Hey again, Roy! Damn, it's good to be back!

Anyway, I have a little sister who is nine-years-old and she's actually really into gendered toys, unfortunately. Thankfully enough, though, she's also into other things. Usually I buy her books or comics (she LOVES Calvin & Hobbes), but she's also into video games, so that helps a lot, too.

It really does depend on the age, too, though. Also, that's really unfortunate about Lego. I haven't been in stores that sell it for some time, but thinking back I definitely saw it heading that way.

I probably wasn't of much help, but if I think of anything else I'll be sure to let you know. Best of luck!

brandann said...

thank-you! i can't get susanstriker.com to open, but i tracked it down through amazon...love it! great suggestion! i do understand that coloring books don't = bad...i just tend to avoid them...we find plenty of ways to be creative w/o them

The Snobographer said...

Well I'm sure you'll find her a nice robot toy and that will be fine for right now.
The MOMA online store has some good, gender-neutral, intellectually stimulating toys. They can be a bit pricey though. UNICEF.org has quite an extensive toy catalog too.
You don't say exactly how old your niece is. She may be at a point where, if she's never shown an interest in Barbie so far, she may never will.
I think Barbie-type-toys, when offered in good feminist faith, are okay. If you can steer clear of the excessive pink and the Disney Princess stuff. A non-pink Barbie house, far superior to the pink plastic thing found in stores, can be made easily and inexpensively with an old set of bookshelves. It's actually a really fun project.
Dolls like Barbie encourage girls to fantasize about their futures as independent adults. Skip the princessy-froo-froo and that's totally feminist friendly.
I don't know if they still make "Happy To Be Me" dolls, but their body proportions aren't as insane as Barbie's.

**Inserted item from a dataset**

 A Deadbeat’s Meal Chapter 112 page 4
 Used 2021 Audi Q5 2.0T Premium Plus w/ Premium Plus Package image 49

Do NOT buy Bratz! Ever! I don't know what those things are supposed to look like.

cme said...

I may be too late for this round of gifting, but I have some suggestions:

* Like several other people, I try for books, stuffed animals, building toys or craft supplies.

* Board or card games that you're willing to play with them, or puzzles (not jigsaw puzzles, 3d puzzles- the-take-apart-and-put-back-together kind) If you go looking at the sort of store that sells high-quality desk tosy for adult,s you can often find cool things kids can do too. For the really young kids, you can get the "move things back and forth" puzzles that a lot of doctors' offices have these days (I got one from Ikea for $7).

* I suggest American Science and Surplus ( www.sciplus.com ) as a place with great service that sells lots of cheap, strange things. They have weird toys, puzzles, parts and kits, tools, and lab-quality scientific equipment (for you, or for when the kids get old enough for it).

* Music might work, and it doesn't even have to be childish music, necessarily.

* As a kid, the gifts I loved most were ones that made me feel more grown-up. Getting art supplies that were decent quality instead of little-kid grade, for instance, or books that were slightly "older" than the ones I had been reading, or the gift of an outing or a shopping trip with that friend or relative and *without* my parents, or the afore-mentioned music. I think one of the keys here is that these gifts helped me develop preferences and opinions that were my own, not just inherited from my family. (One year a family friend took me to the Ritz for High Tea, and that was So Cool. I also had one aunt who was was presciently psychic- she'd get me things that seemed strange or unappealing on opening that I shortly realized were *wonderful*- many of those were the gifts that made me feel like I was growing up.) Obviously, this works better with kids who are at least in grade school.